Para completar la humillación, no sé qué nos hizo pensar que podríamos dejar de ser meticulosas en la aplicación de bloqueador solar y sobrevivir. Tal vez las nubes. Tal vez el queso asado con ajo y orégano. Tal vez la caipirinha. Tal vez la felicidad de ser un grupo de viejas amigas juntas en una playa en otro país. El tiempo pasó, hablamos de todo, bebimos y solo nos dimos cuenta de que eso no era precisamente la sala de una casa cuando nos fuimos y empezamos a sentir ardor en parches. Las partes donde el bloqueador no llegó son fácilmente discernibles.

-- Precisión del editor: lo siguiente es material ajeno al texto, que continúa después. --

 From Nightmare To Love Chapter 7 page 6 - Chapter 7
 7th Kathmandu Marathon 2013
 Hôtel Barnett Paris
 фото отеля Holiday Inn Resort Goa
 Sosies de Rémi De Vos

En mi caso, mi muslo lleva doble ardor gracias a la embestida del mar. Roja por delante y roja por detrás.

Supongo que los siguientes días de este viaje estaremos huyendo del sol cual vampiros. Al menos sabemos que la próxima sesión de playa no será mañana. No sabemos ser criaturas de la mar.

Celulitis

El otro día me compré por Internet un pantalón para hacer ejercicio. Mi trabajo me exige quedarme sentada todo el santo día, así que me toca hacer como los hámsters y correr en una ruedita para no anquilosarme. El pantalón llegó por correo poco tiempo después. Era tan bonito como en la foto. Me lo medí y me miré al espejo. Hm. Mi trasero se veía como si en algunas partes le hubieran sacado cucharaditas. Probablemente debía devolver la prenda y comprar algo más acorde con mi realidad.

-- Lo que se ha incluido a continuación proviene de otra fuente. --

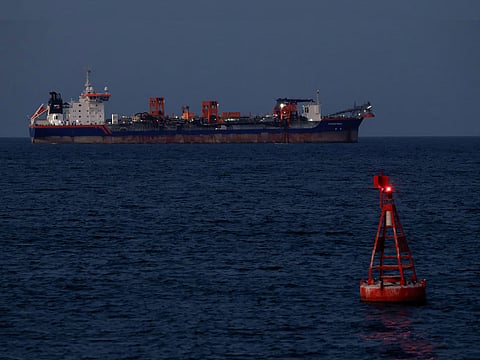 Two Indian flagged LPG carriers granted transit through Strait of Hormuz by Iran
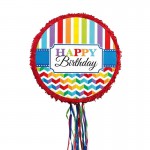 "Happy Birthday" Piniata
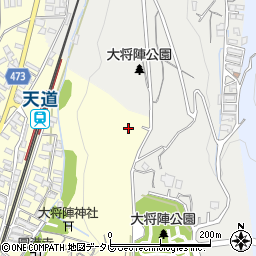 福岡県飯塚市天道219周辺の地図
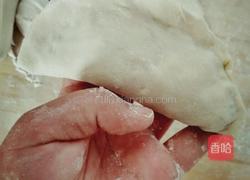 韭菜盒子的做法图解5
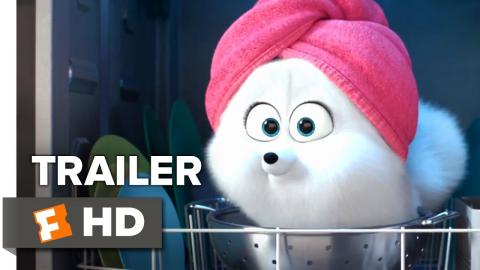 The Secret Life of Pets 2 Trailer (2019) | 'Gidget' | Movieclips Trailers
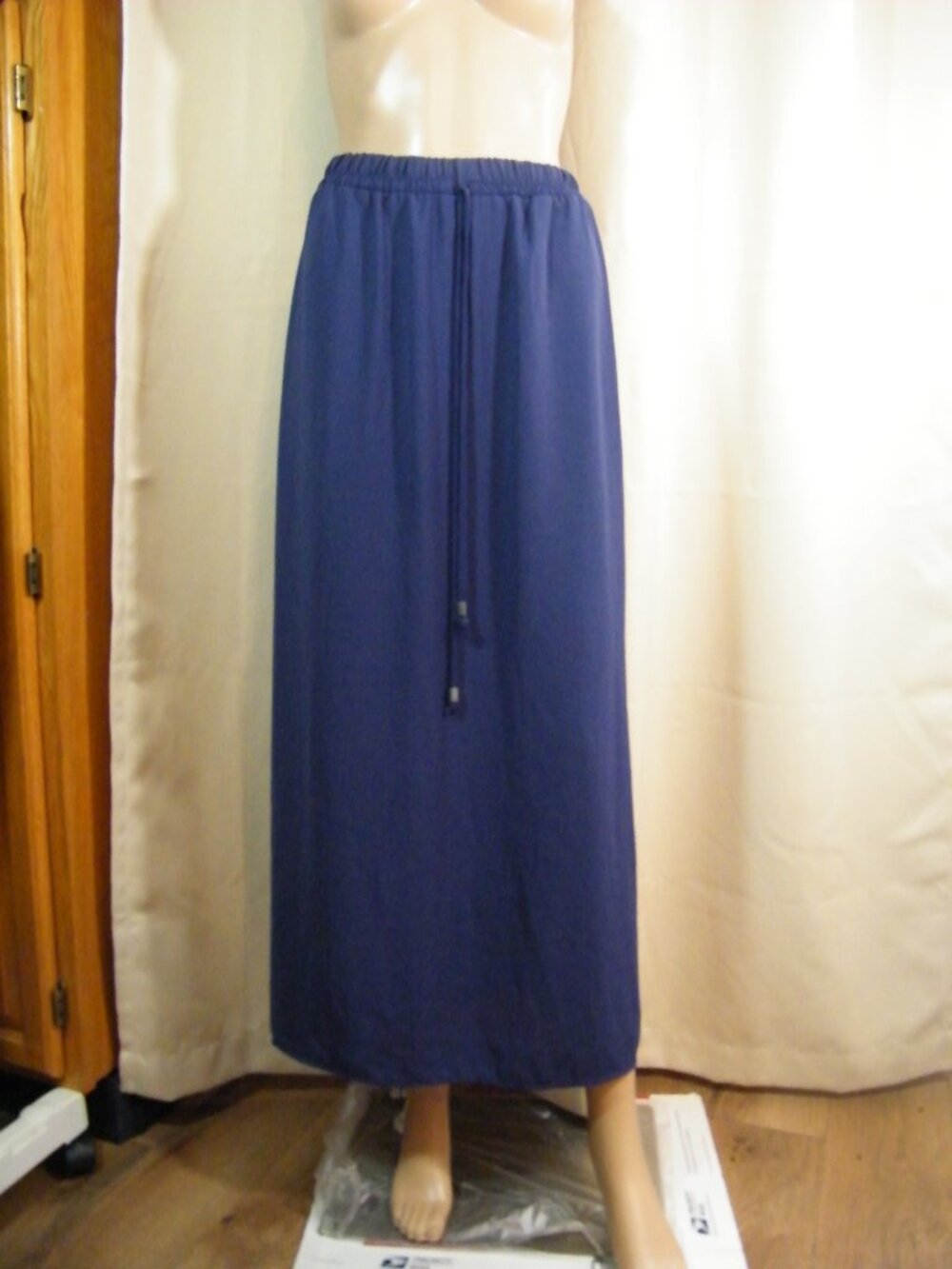 Skirt dress or casual Faded Glory Sz S (4-6) women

Sin embargo, el pantalón me gustaba mucho y yo me sentía particularmente terca respecto de mi compra; el problema era simplemente el cuerpo que lo rellenaba. Pero tal vez eso se podía arreglar. Con un poco de disciplina, posiblemente. Busqué en Internet remedios y ejercicios para eliminar esos huecos. Cepillarse la piel, pagar por unos masajes agresivos, echarse no sé qué cremas, comer tal cosa y beber tal otra, levantar pesas. A medida que avanzaba en mi investigación, la esperanza de hallar una cura se fue reduciendo. Vi fotos de muchas celebridades en bikini. Flacas, no tan flacas, musculosas. Todas con celulitis. Y si esta gente tiene todo el dinero del mundo para arreglarse lo que sea y el problema sigue ahí, pues debe ser que realmente no tiene solución. Recordé incluso un episodio de Dr. 90210 donde una actriz porno adicta a las cirugías plásticas se mandaba operar un hoyuelito que le salía en la parte trasera de su muslo y doctor le hacía una costura especial bajo la piel. Al final salía una toma de la actriz satisfecha con el resultado, alejándose en shorts por un terreno rocoso. El hoyuelito seguía ahí.

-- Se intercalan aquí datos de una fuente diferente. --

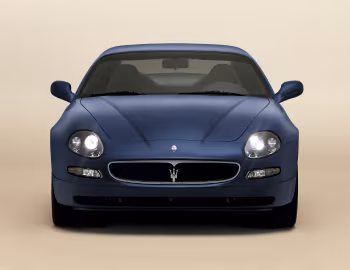 Maserati Coupé [Worldwide] (M138) '2003–04
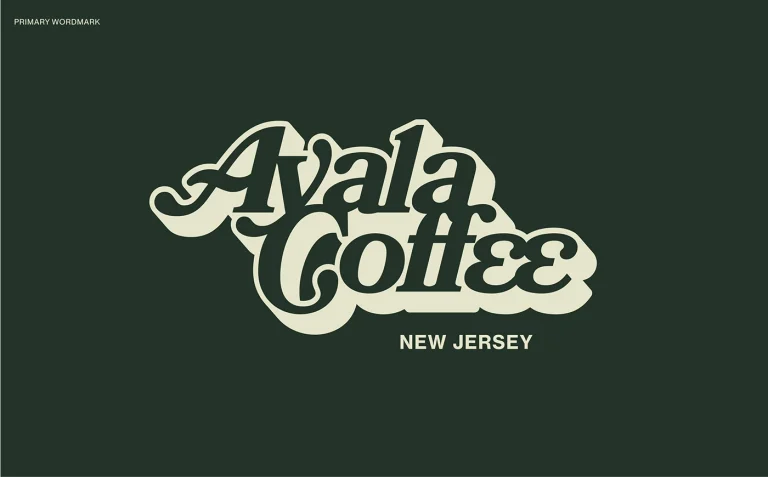 Rebranding Ayala Coffee Co: A Modern Filipino Visual Identity by Alex Aperios - Image 4: Logo Design branding coffee shop coffee branding Packaging visual identity Brand Design coffee logo brand identity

Más del 90% de las mujeres tenemos celulitis. Entonces, ¿por qué debo sentirme mal? ¿Por qué debo esclavizarme en la búsqueda de una solución que no existe para un problema que no lo es? ¿Por qué debería esconderme como si fuera un monstruo? A este paso, todas las mujeres tendrían que taparse y sentirse avergonzadas. Y claro, muchas lo hacen. No es noticia que la industria de la belleza vive de vender lo normal como error de la naturaleza (¡o error de uno mismo al negarse a usar los productos redentores!). Las revistas de chismes hablan de “los peores cuerpos para la playa” y escrutan hasta el último centímetro de mujeres que se están dando el lujo de pasar tiempo en un buen balneario. Como si uno tuviera que ganarse ese derecho. Los medios andan diciéndonos que aún en pleno descanso tenemos que hacer lo posible por no dañarles el paisaje a los demás vacacionistas con nuestras abominables masas gelatinosas. Las mujeres debemos sacrificarnos por el bien de las miradas que nos acechan. El premio de quienes sufren es atraer más miradas.

Pero bah, yo digo que al diablo con todo eso. Yo lo que quiero es hacer ejercicio con ropa chévere y estoy en todo mi derecho porque sí. Abandoné la búsqueda y las preocupaciones y me quedé con el pantalón. Es cómodo y me gusta como se ve: no hay nada más acorde con mi realidad que eso.